Records shown START
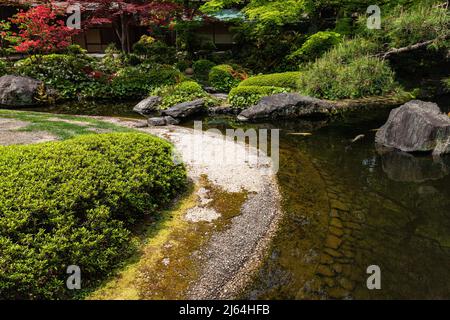 Kyoto Prefectural Guest House Garden - questo piccolo giardino è centrale intorno ad un laghetto carpe con una teahouse che si affaccia su una collina sullo sfondo. Là Foto Stock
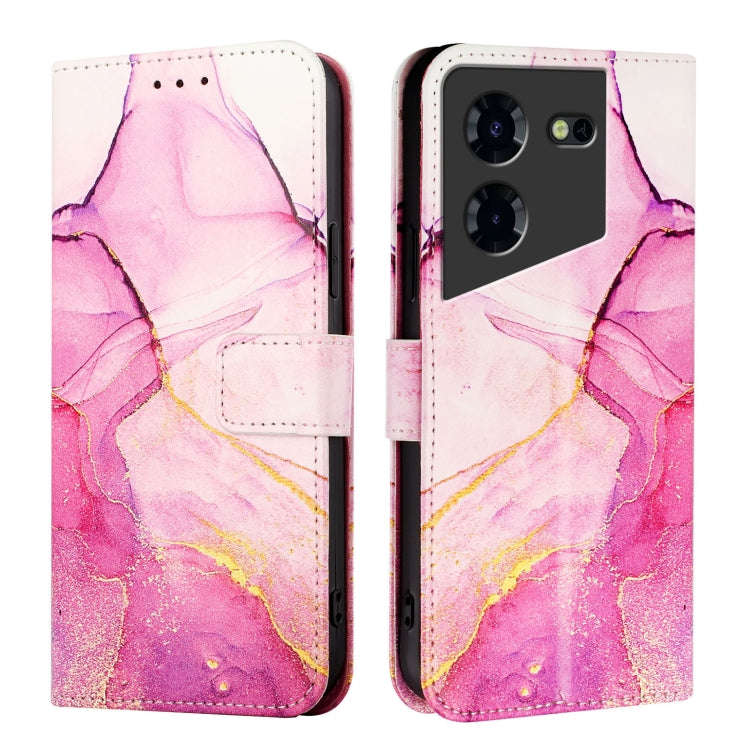 For Tecno Pova 5 Pro 5G PT003 Marble Pattern Flip Leather Phone Case(Pink Purple Gold)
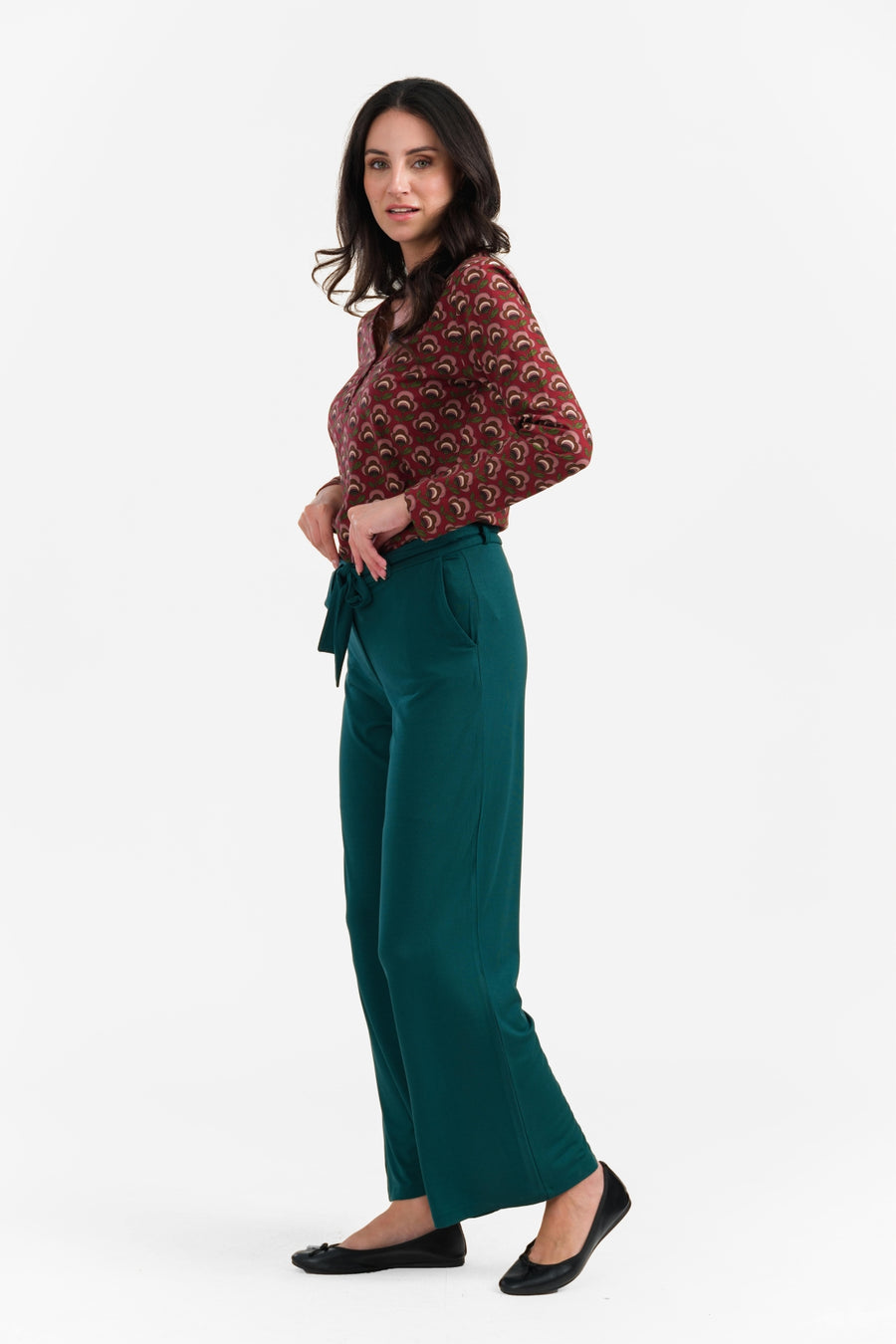Sue Trousers | Micro Plain Rain Forest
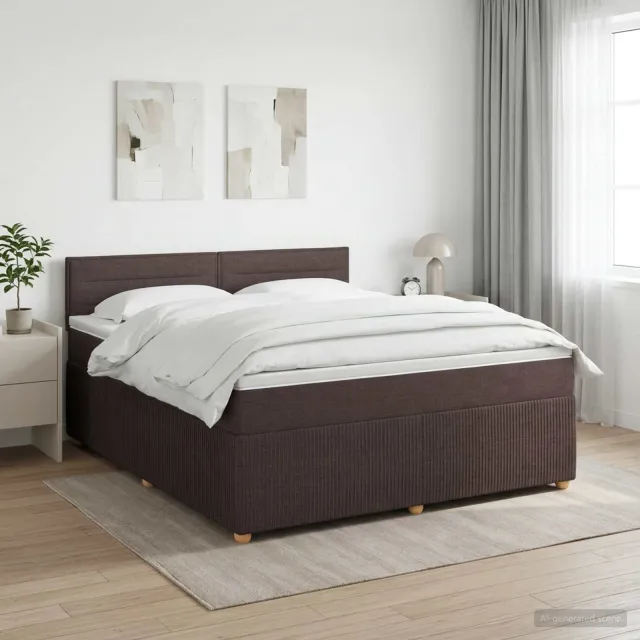 vidaXL Boxspringbed met matras Donkerbruin 160 x 200 cm Stof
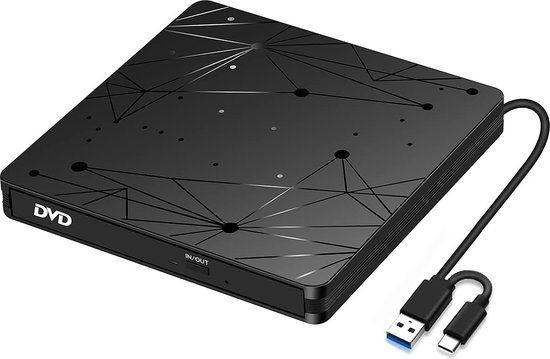 Ultradunne Draagbare Externe CD/DVD-Speler en Brander voor Laptop - Multifunctioneel Afspelen en Branden - Plug-and-Play Installatie - Betrouwbare Prestaties - Compatibel met Windows en Mac - Inclusief USB-kabel - Compact en Lichtgewicht Design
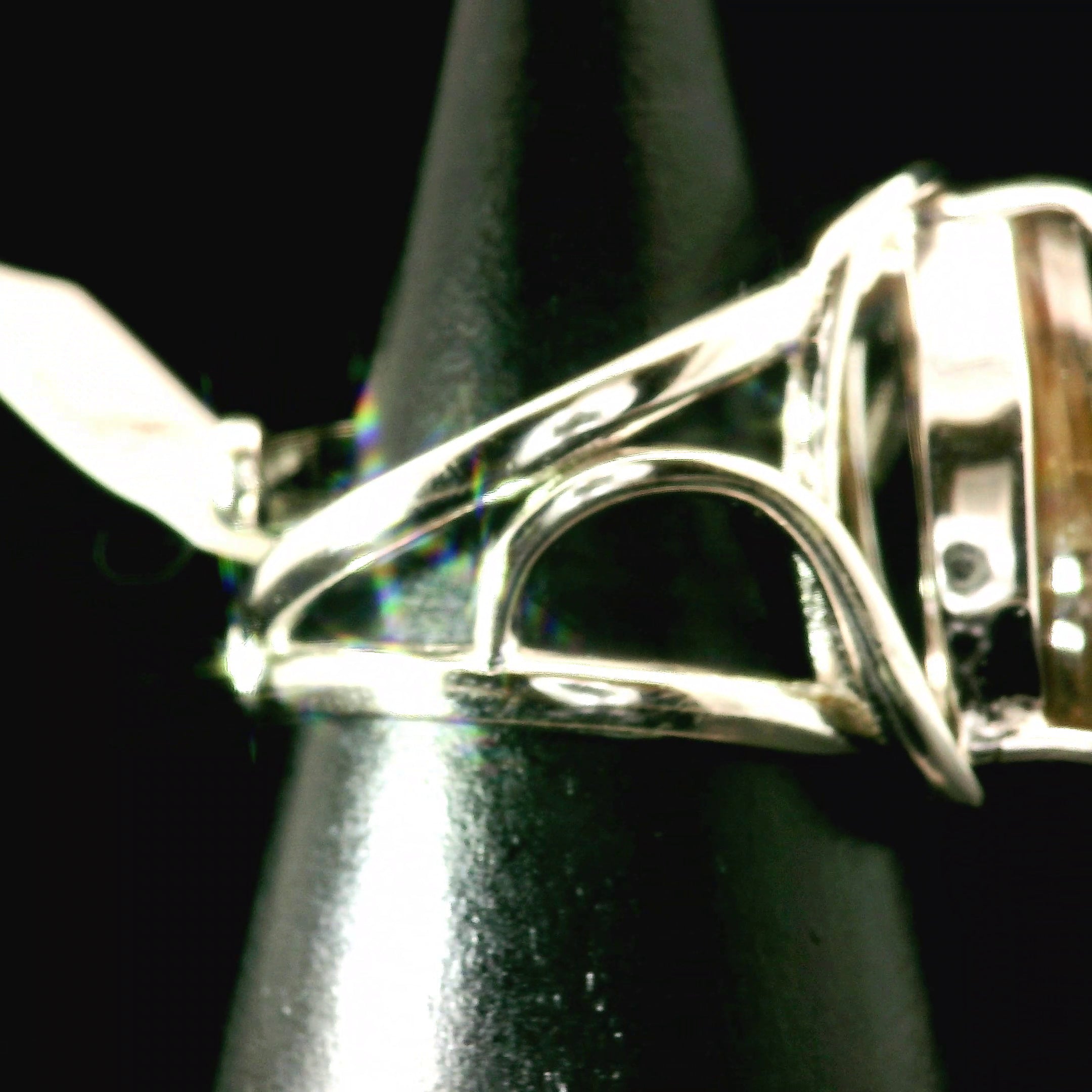 Dendritic Quartz with Golden Healer Cuff Ring .925 Silver for Master Healing, Grounding & Transformation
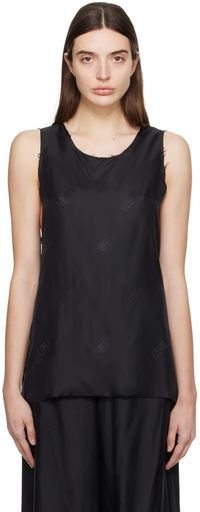 MM6 Maison Margiela Black Raw Edge Tank Top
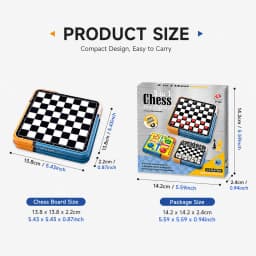 Portable 3‑in‑1 Chess Checkers Ludo Board Game Set Folding Storage Travel Family Puzzle Game, 2‑4 Players Educational Brain Development Toy, Surprise Holiday Gift for Kids Adults Birthday Halloween Christmas Thanksgiving Present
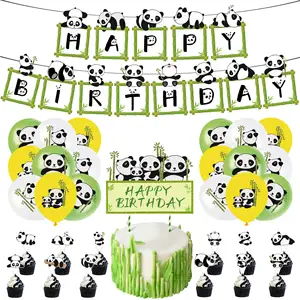 Hiparty-Suministros de fiesta de cumpleaños para niños, conjunto de globos decorativos con temática de Panda bonito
Records shown END
* [What to produce] Type the lines above out again exactly as they appear, skipping every picture.

* [Solution for this task]
 Kyoto Prefectural Guest House Garden - questo piccolo giardino è centrale intorno ad un laghetto carpe con una teahouse che si affaccia su una collina sullo sfondo. Là Foto Stock
 For Tecno Pova 5 Pro 5G PT003 Marble Pattern Flip Leather Phone Case(Pink Purple Gold)
Sue Trousers | Micro Plain Rain Forest
 vidaXL Boxspringbed met matras Donkerbruin 160 x 200 cm Stof
 Ultradunne Draagbare Externe CD/DVD-Speler en Brander voor Laptop - Multifunctioneel Afspelen en Branden - Plug-and-Play Installatie - Betrouwbare Prestaties - Compatibel met Windows en Mac - Inclusief USB-kabel - Compact en Lichtgewicht Design
 Dendritic Quartz with Golden Healer Cuff Ring .925 Silver for Master Healing, Grounding & Transformation
 MM6 Maison Margiela Black Raw Edge Tank Top
 Portable 3‑in‑1 Chess Checkers Ludo Board Game Set Folding Storage Travel Family Puzzle Game, 2‑4 Players Educational Brain Development Toy, Surprise Holiday Gift for Kids Adults Birthday Halloween Christmas Thanksgiving Present
 Hiparty-Suministros de fiesta de cumpleaños para niños, conjunto de globos decorativos con temática de Panda bonito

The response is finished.